* [INPUT FOR THIS TASK]
◆ ◆ ◆ ◆

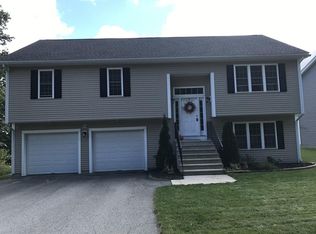 36 Lanesboro Rd, Worcester, MA 01606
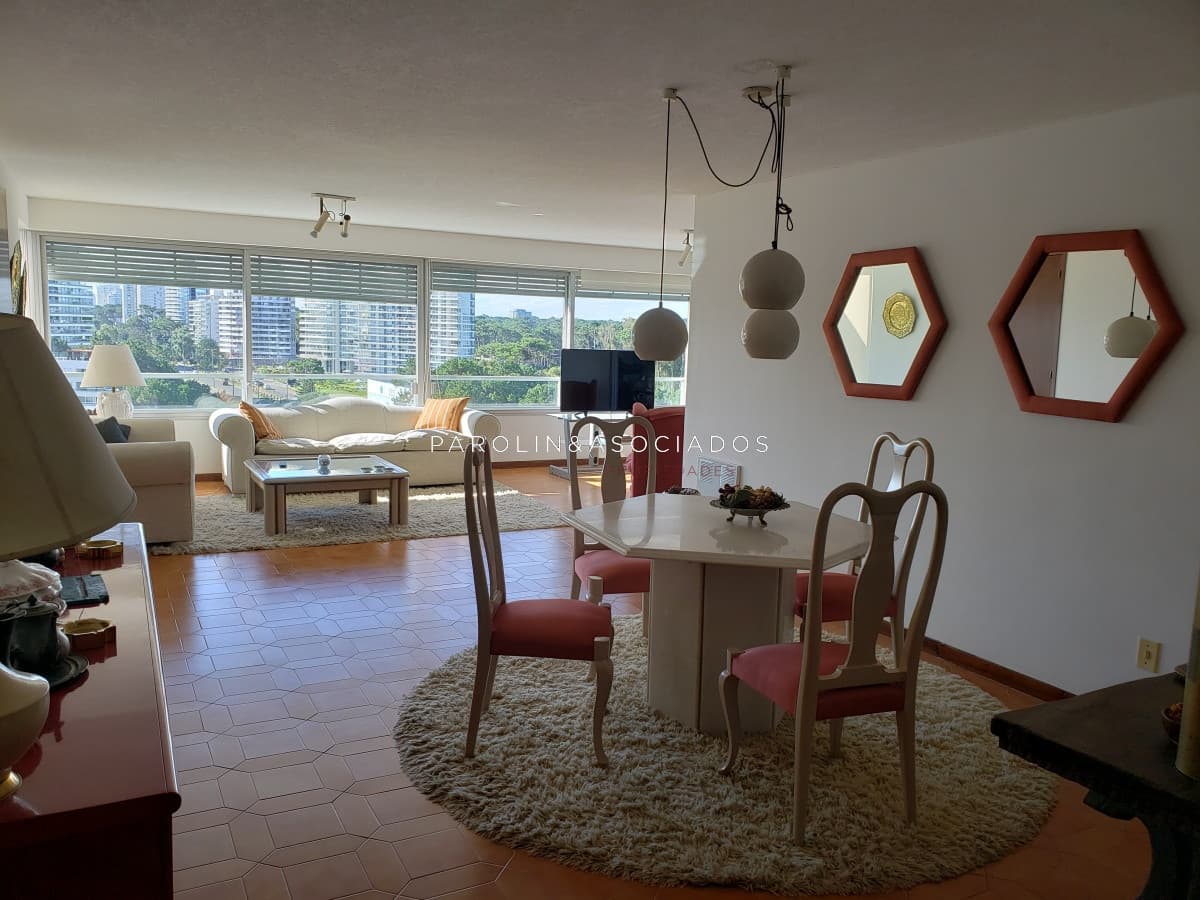 Apartamento de 3 dormitorios en Torre Tiburón, Punta del Este.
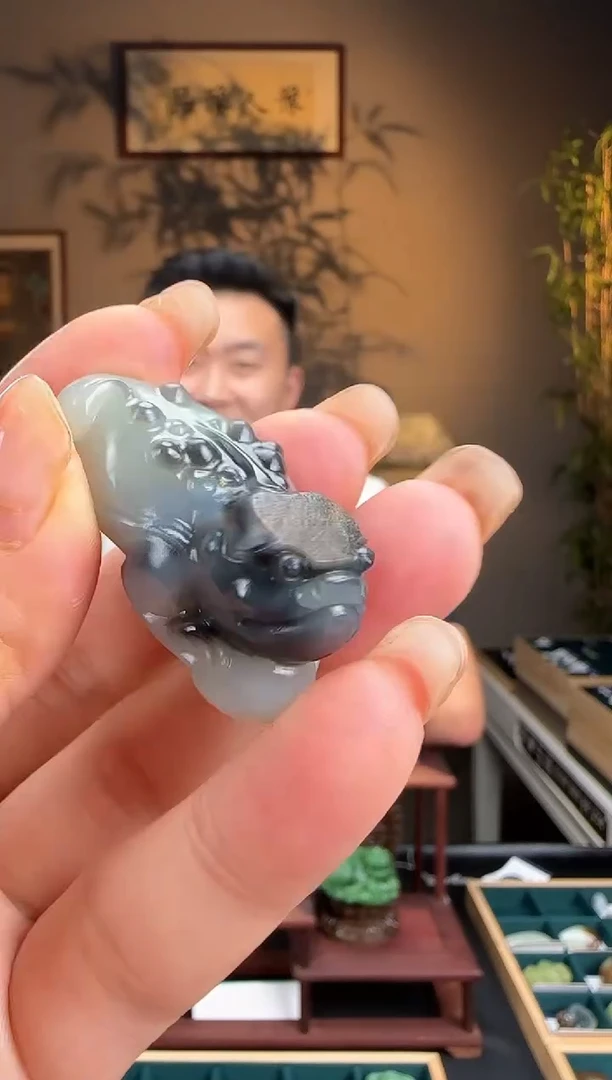 未镶嵌和田玉挂件吊坠k4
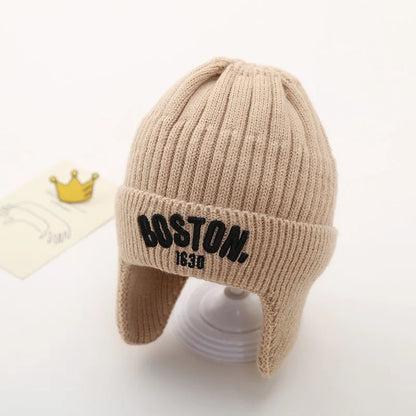 Chapeau en laine avec cache-oreilles brodé pour bébé, bonnet pour tout-petit, protection des oreilles pour enfants, lettre, document solide, chaud, hiver
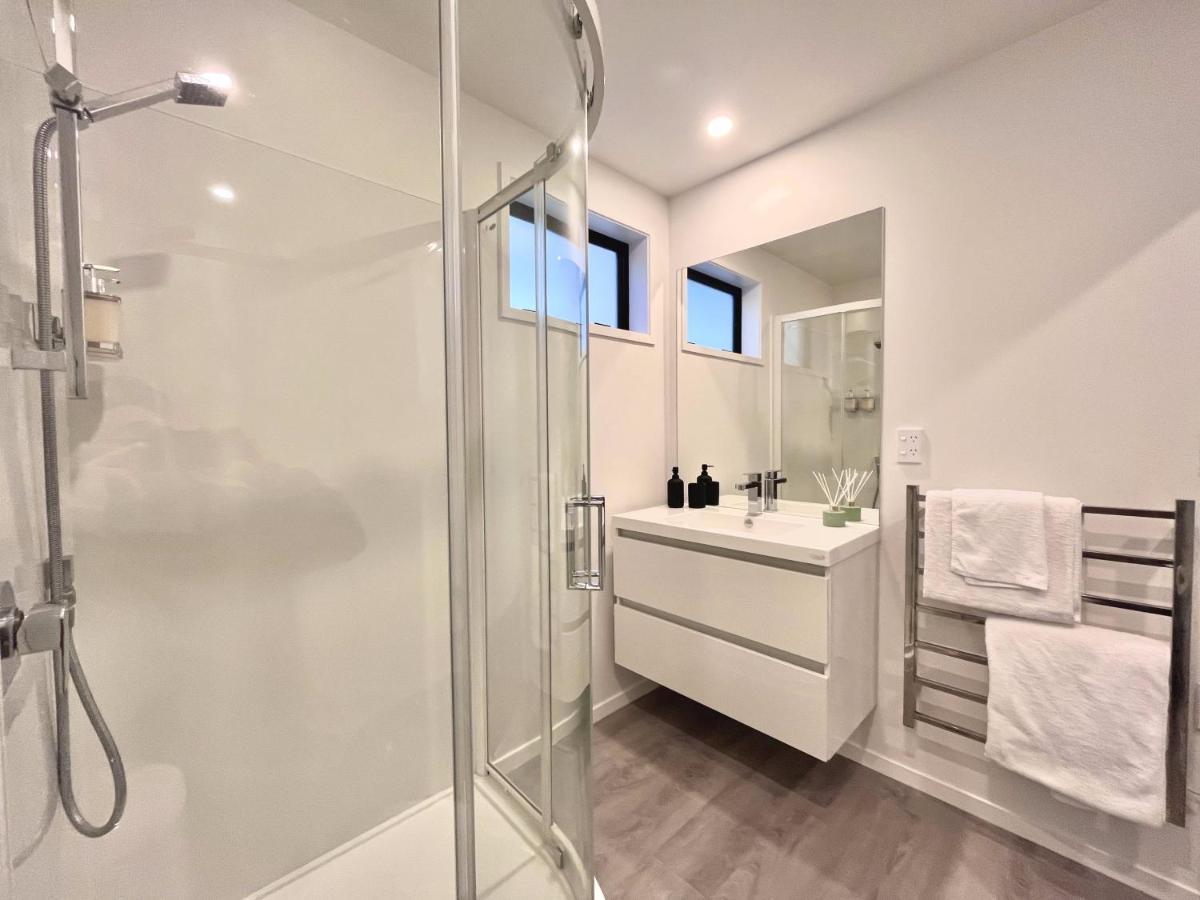 Modern & Central City - By Kosh Bnb Hamilton Exterior photo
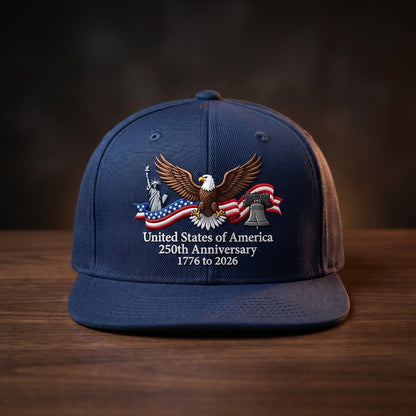 Frontansicht der Deep Navy 250th Anniversary Patriot Cap mit Bald-Eagle-Stickerei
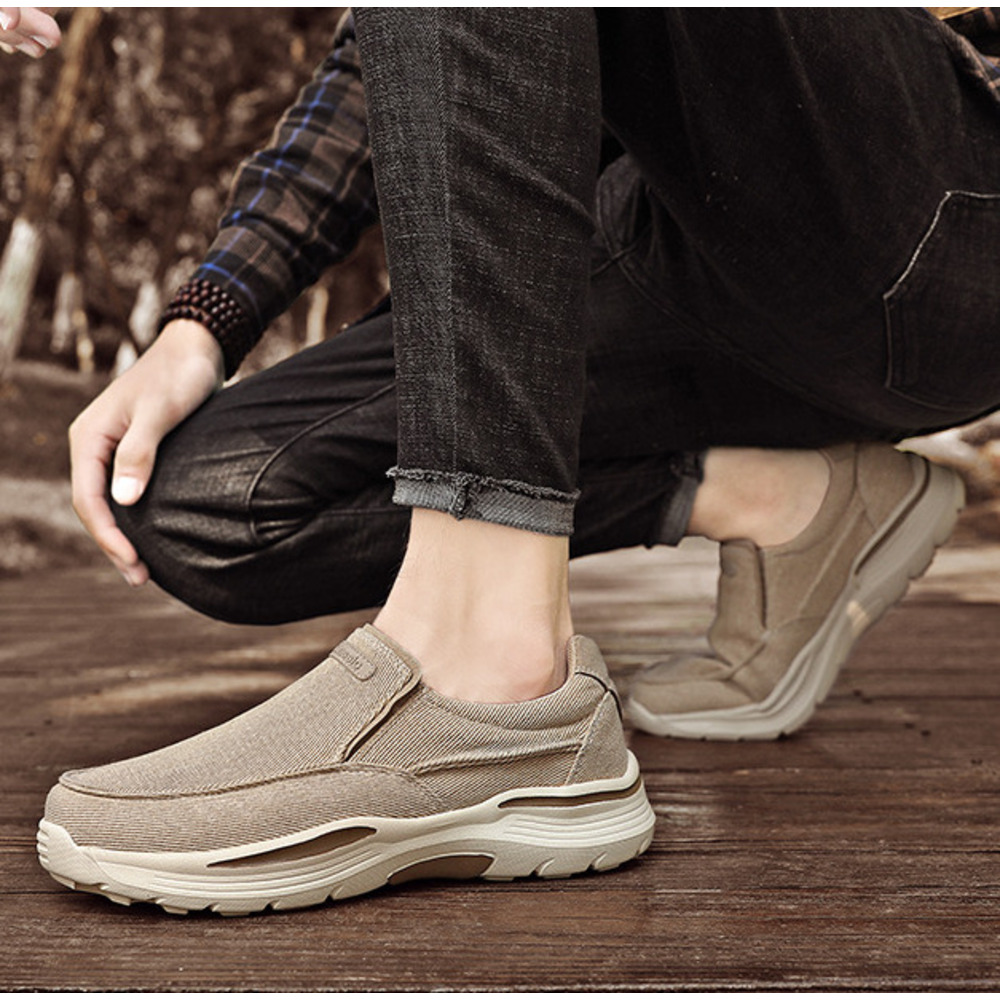 Plus-size Cross-border Men's Canvas Slip-on Loafers, Lightweight Casual For Foreign Trade, Wholesale Comfortable Shoes_vogvips.com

◆ ◆ ◆ ◆

* [WORK ITEM] In the records above, find the line that contains "Chapeau en laine" and repeat exactly that line and all lines after it to the end. Do not include pictures.

* [RESULT OF THIS TASK]
 Chapeau en laine avec cache-oreilles brodé pour bébé, bonnet pour tout-petit, protection des oreilles pour enfants, lettre, document solide, chaud, hiver
 Modern & Central City - By Kosh Bnb Hamilton Exterior photo
 Frontansicht der Deep Navy 250th Anniversary Patriot Cap mit Bald-Eagle-Stickerei
 Plus-size Cross-border Men's Canvas Slip-on Loafers, Lightweight Casual For Foreign Trade, Wholesale Comfortable Shoes_vogvips.com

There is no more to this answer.